The characters got shifted around the Space-Time Continuum by a process they called “Jaunting” and had no control of when or where they would end up. They used this as an excuse to pass off GM duties to the next person at the table at the end of a story arc and switch systems. Typically they would get drawn into the events in the universe they showed up in by being told about someone/something that might be able to get them back to their world. Meanwhile the guy who setup the experiment (a thief who was using it to steal artifacts from these alternate realities to get rich) was stuck going through this with them and they were trying to catch/stop them (after discovering the truth of what he was doing).

So each of the characters was who they were in their home reality with translated stats and abilities, they weren’t transplanted into a reality as their alternate selves. They were themselves stuck there trying to survive. Each character wasn’t limited to their stuff from their own reality though. They were granted a few powers, abilities, etc from the universe/system they arrived in. The powers would slowly manifest themselves as the previous system’s powers faded.

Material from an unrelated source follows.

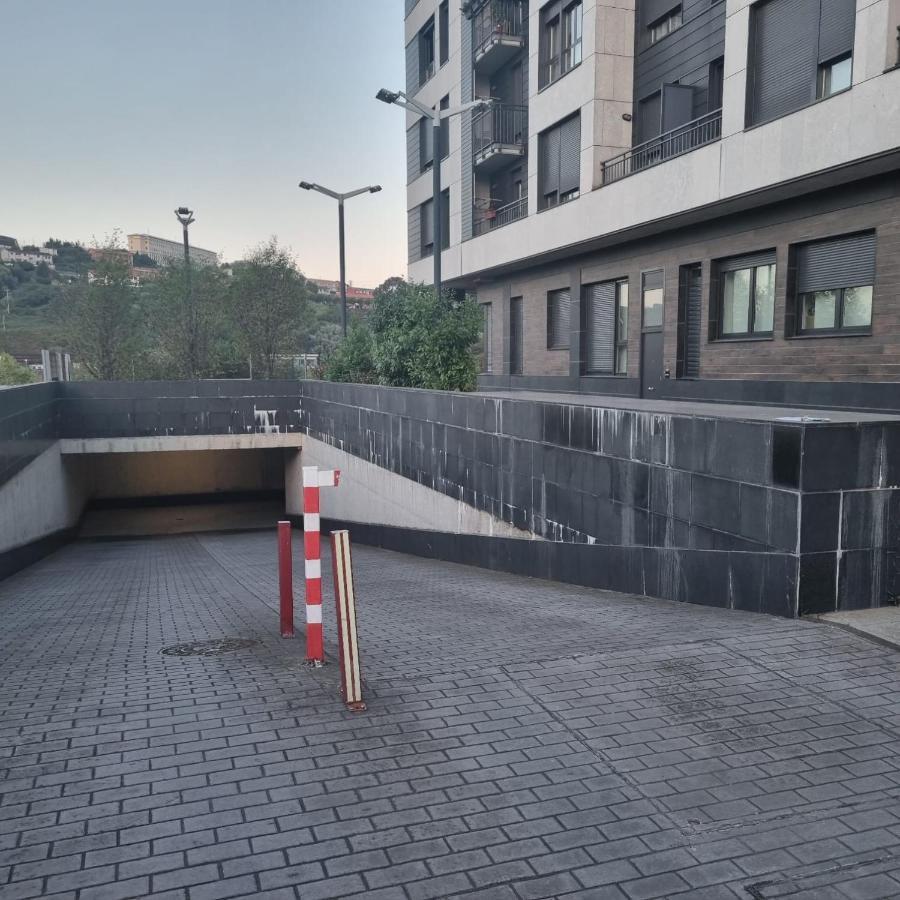 Modern Bilbao Apartment Barakaldo Exterior foto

Each of the 5 players got to run a whole system at least twice before they stopped playing it and they each got 3 to 7 session in under their belt. He was saying that it was an absolute blast though and I don’t see how it couldn’t be. Just from his brief description of it I was shocked at how much fun it sounded.

I’ll probably never get to do that anytime soon, if ever, but at least I’ve heard the idea and can file it away on the off chance that the opportunity presents itself.